Color gradients are the most idiotic thing to ever come to a GUI interface, the whole point was supposed to be to clearly delineate the different controls so you barely have to look at them to use them.

Dumb people feel they need everything artistic instead of just stepping a way from the computer sooner, because it was better designed, and admiring a real work of art on their walls.

Vista and Win7 interface is a sad joke, as well as Office. Retards say "ooh ahh" but they can't even work as fast as they used to with computers multiple times the speed.

Monkeys like shiny objects, but they just stare in awe not appreciating that they have nothing but senseless fascination with colors and shapes instead of the basic ability to appreciate what a good interface really is.

With a well designed GUI you should be able to sit 10 feet away from a normal/typical resolution monitor in use today and still navigate it fine. Unfortunately they keep making strides to make the interface worse and worse in the interest of lame nonsense like "new purty modern flowing".

How's this for flowing, let's take all the controls on everything and just remove all markings and make them look as much like the surrounding area as possible.

The funny thing is when people say they can use this junk fine but they barely do anything on a computer, mostly non-productive except following a template that takes the least interaction possible because they can scarcely interact due to how long their pretty interface takes them to do anything.


There is a science to human recognition. It is madness to deviate because of some notion of "does look a tad dated".

Let science dictate what path we choose, not change for the sake of change, that is the worst reason possible.

By Goolic on 9/28/2009 9:09:55 AM , Rating: 4
Alex Faaborg -- One of the Firefox UI leads --

By inperfectdarkness on 10/1/2009 1:12:07 PM , Rating: 2
thank god. too many functions from 1 control doesn't work very well. ask bmw.

Not so optimal
By thekdub on 10/1/2009 7:40:25 AM , Rating: 2
MS Office '07 layout, optimal? Please... only reason I even bought it was because OpenOffice's .doc formatting doesn't play nicely with Office '07 on the campus' computers. Having to completely redo my paragraph formatting if I needed to print a paper on campus was a joke. As far as I'm concerned, that layout is a headache and I try to use it as little as possible.

That being said, the new FF layout doesn't look too bad. A lot like what I have mine set up to look like. After using Chrome though, having the tabs on the bottom of the address bar is really annoying, I like having the extra webpage room. When Firefox can do that, I'll probably go back to using it, but I just like Chrome's layout a ton better.

Firefox + Ribbon == one less Firefox user
By Old Man Dotes on 9/28/09, Rating: -1
RE: Firefox + Ribbon == one less Firefox user
By kattanna on 9/28/2009 11:31:07 AM , Rating: 4
you are obviously too important to actually read the article..

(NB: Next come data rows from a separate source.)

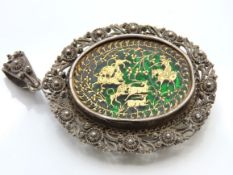 A 19thC. Indian Pratapgarh Thewa work gold on glass depicting hunting scene & mounted in an Indian w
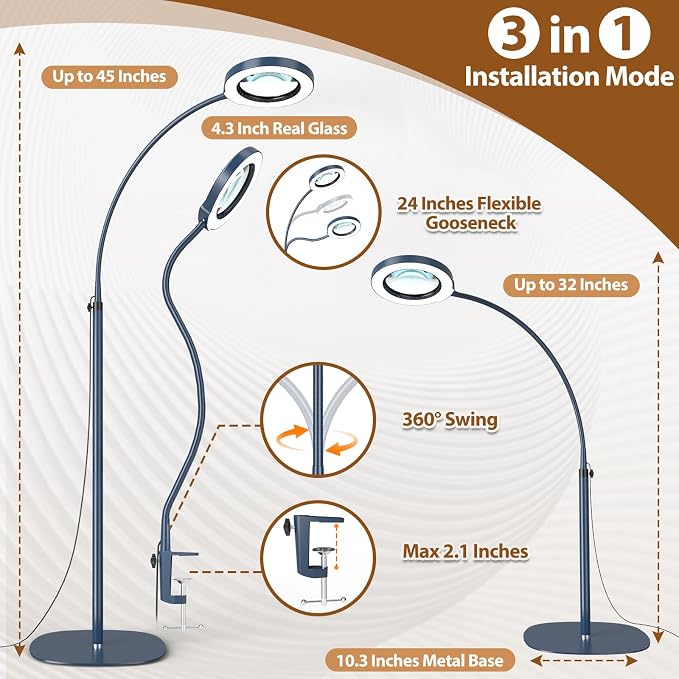 10X Magnifying Glass with Light and Stand, 24" Flexible Gooseneck Magnifying Floor Lamp, 3-in-1 LED 5 Color Modes Stepless Dimmable Lighted Magnifier Hands Free for Close Work, Reading - Blue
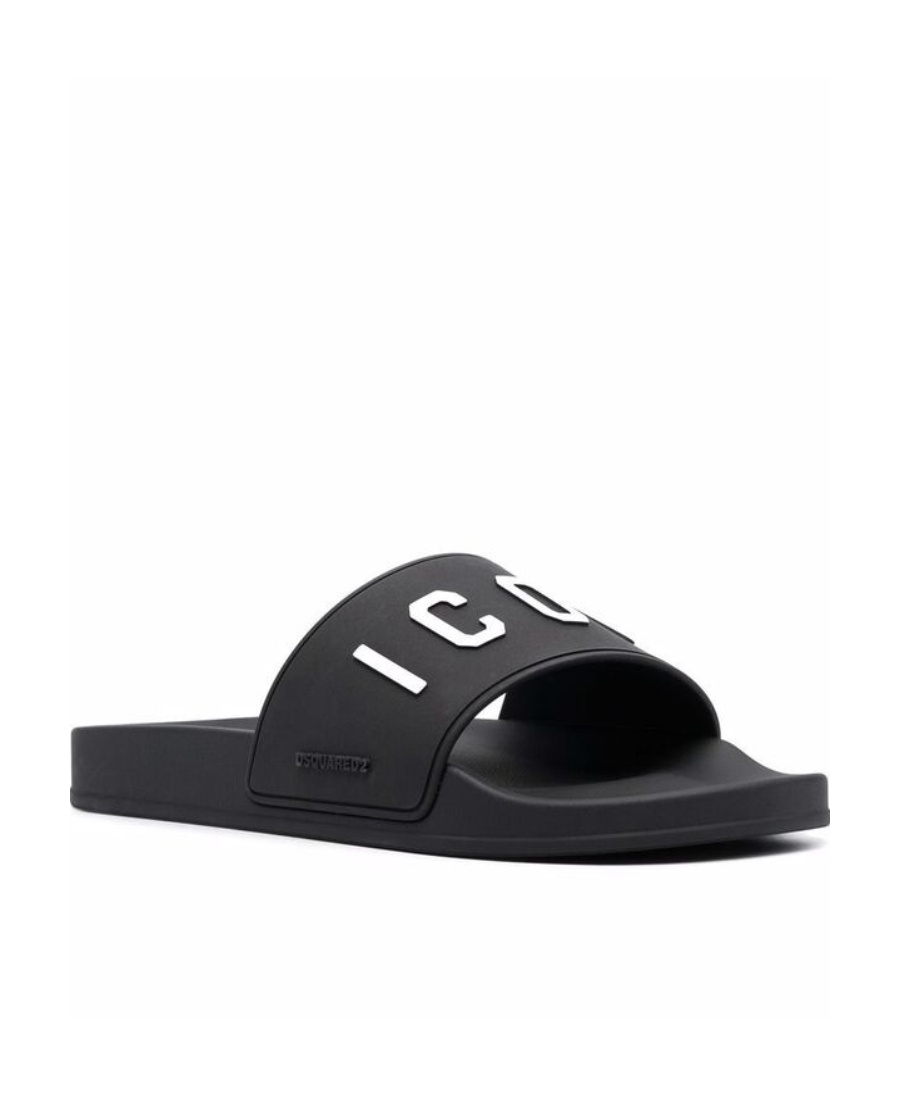 Shop Dsquared2 Icon-embossed Pool Slides In Black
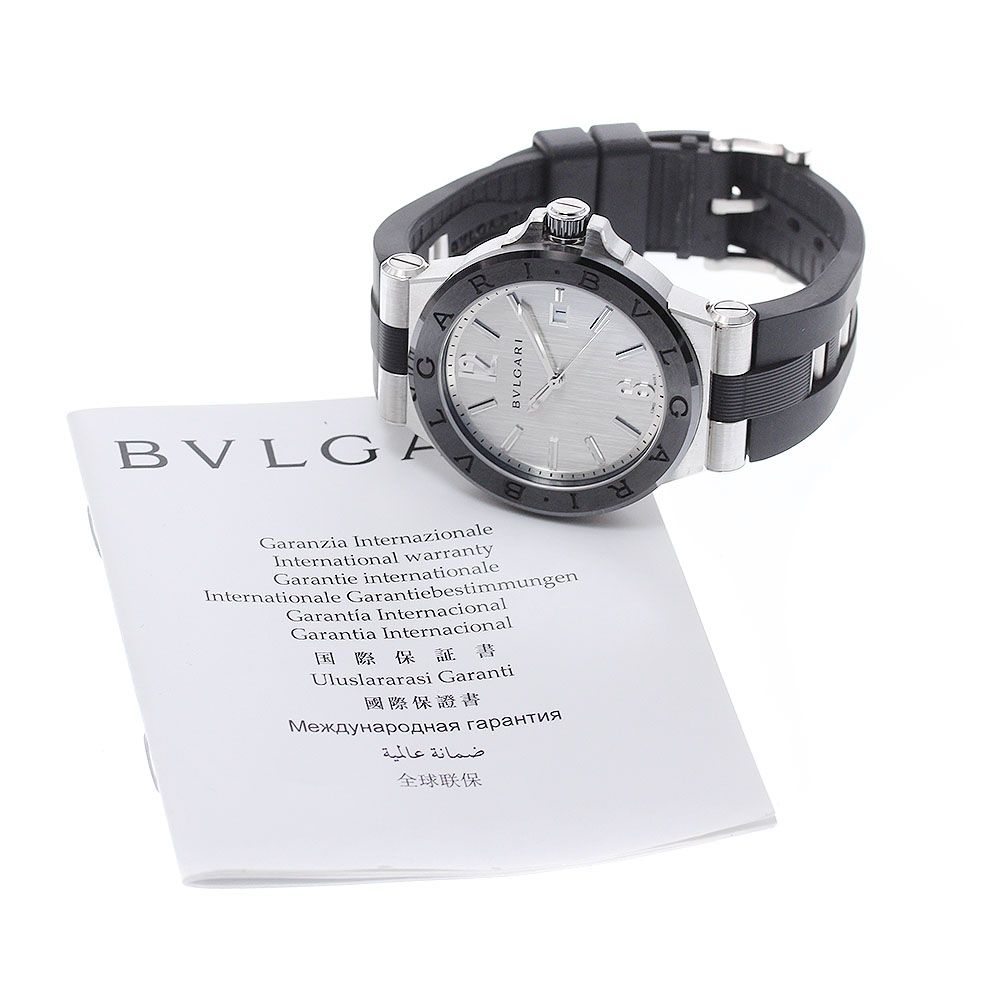 ブルガリ BVLGARI DG42SC ディアゴノ セラミック デイト 自動巻き メンズ 良品 保証書付き_965242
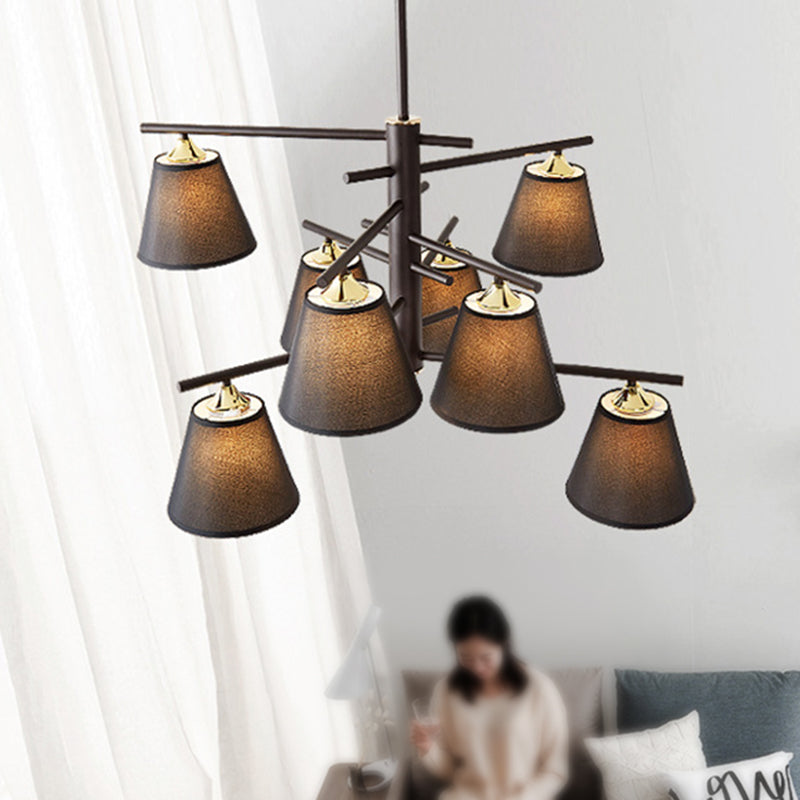 Fabric Tapered Hanging Chandelier Traditional 4/6/8 Lights Living Room Pendant Light in Black/White/Red 8 Black Clearhalo 'Ceiling Lights' 'Chandeliers' Lighting' options 560724_0156d6aa-8113-4e21-974e-89ec57d5e45f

Users will be able to switch between the new and old look by clicking the "ALT" key inside the Firefox frame

By omnicronx on 9/28/2009 1:19:48 PM , Rating: 5
or this part..
Mozilla is not adopting a ribbon

RE: Firefox + Ribbon == one less Firefox user
By mindless1 on 10/3/2009 9:52:13 PM , Rating: 3
It's the principle you are missing. Leave the defaults alone, if someone wants this then a virtue of firefox is it can take add-ons. Requiring people to click even once to keep everything the same is always a decision made in poor judgment.

RE: Firefox + Ribbon == one less Firefox user
By wolrah on 10/4/2009 11:19:42 AM , Rating: 1
So Windows 95 should have come with the Windows 3.1 Program Manager running by default? XP, Vista, and 7 should all run in Classic mode out of the box? People are fucking idiots, if you want them to do something a different way, be it better or not, you have to force them to. If it really is worse, you can switch it back yourself. Mozilla is doing it right. Change the defaults, but allow the user to set things back if they prefer. Otherwise the lazy and apathetic masses will never see the new feature.

RE: Firefox + Ribbon == one less Firefox user
By mindless1 on 10/4/2009 9:56:26 PM , Rating: 2
What makes you think people need to be forced to do something a different way?

Let them choose how to use the computer they own.

There's nothing apathetic and lazy about simply wanting to use a computer for real world work, not be a monkey fascinated by a shiny new toy.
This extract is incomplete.